By all accounts, merging the respective identities and assets of gargantuan Toronto-Dominion Bank and mighty Canada Trust in 1999 was one of the greatest Canadian marketing challenges of all time.

Persuading interested parties that it was a marriage destined to be blessed with prosperity all round was as tricky a branding exercise as TD has ever faced, says SVP/CMO Dominic Mercuri, who adds that the results were ‘probably the biggest thing this bank has ever achieved.’

It was a year in the making and another in the execution. It began with ‘assembling what we called a ‘plaid’ management team [i.e. a mixture of the two co's colours,]‘ says Chris Armstrong. Then TD’s CMO, he is now sales and marketing vice chair of TD Waterhouse USA, (TD Ameritrade.)

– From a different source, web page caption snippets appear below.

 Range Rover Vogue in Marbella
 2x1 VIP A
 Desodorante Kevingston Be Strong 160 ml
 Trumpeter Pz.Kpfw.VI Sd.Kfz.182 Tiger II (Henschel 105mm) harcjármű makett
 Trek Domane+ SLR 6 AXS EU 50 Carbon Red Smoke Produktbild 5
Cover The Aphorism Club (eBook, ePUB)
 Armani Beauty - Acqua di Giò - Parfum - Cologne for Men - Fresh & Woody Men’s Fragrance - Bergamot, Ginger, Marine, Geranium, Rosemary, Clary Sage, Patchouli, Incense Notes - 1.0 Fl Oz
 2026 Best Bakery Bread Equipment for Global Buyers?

The team’s first task, he says, was ‘a lot of analysis to really understand customer attitudes. We learned there was a real sales culture embedded at TD that Canada Trust didn’t have. On the other hand, what the Canada Trust side brought was an incredible customer satisfaction index – with measurement right down to the branch level and even payment [incentives] for branch people for improvements in customer satisfaction.’

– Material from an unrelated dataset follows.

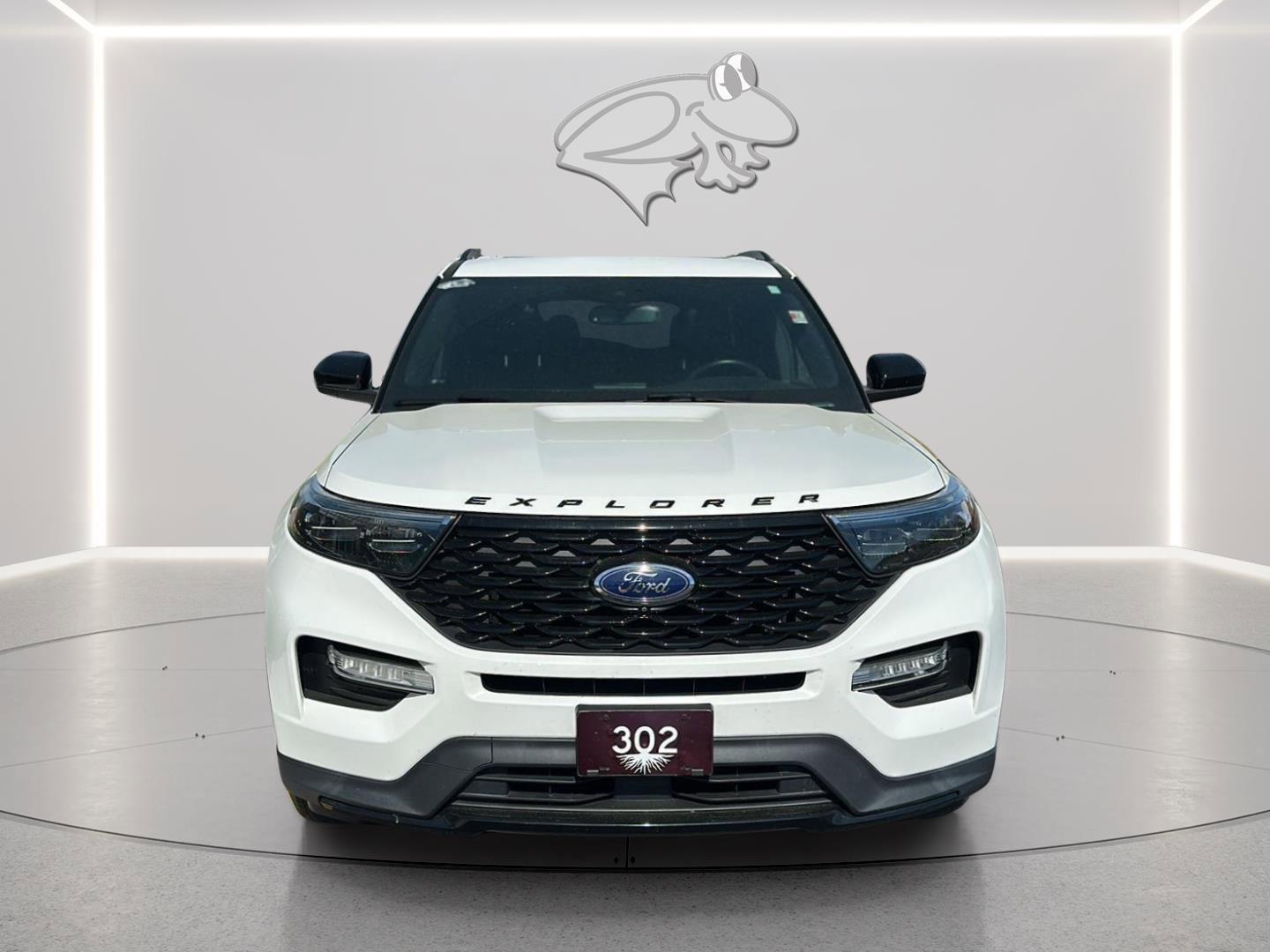 Certified 2022 Ford Explorer ST-Line w/ Class IV Trailer Tow Package AWD/4WD image 8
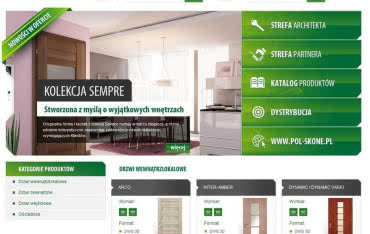 Biblioteki POL-SKONE dla architektów i partnerów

TD’s AOR and DM agency were brought in early. The former, says John Boniface, president of FCB Toronto, ‘worked with [the client team] to create a new brand that would differentiate itself on service and on how the customer would feel about banking [with the new entity].

‘We needed to come up with a simple, relevant proposition, delivered clearly and impactfully with consistency in a category with competitors who regularly change direction, messaging and advertising campaigns,’ Boniface explains. He adds that what aided this effort enormously was the plaid team’s ‘belief in and practice of integration – the power of one idea, one look and feel, executed consistently across all channels.’

Meanwhile, Steve Forchon, president of Toronto’s Response Innovations, got busy on what he calls ‘one of the most complicated communication programs imaginable.’ He remembers that the atmosphere was fraught ‘with competitors’ claims that the merger would compromise Canada Trust’s well known commitment to excellent customer service. And research confirmed that consumers were nervous.’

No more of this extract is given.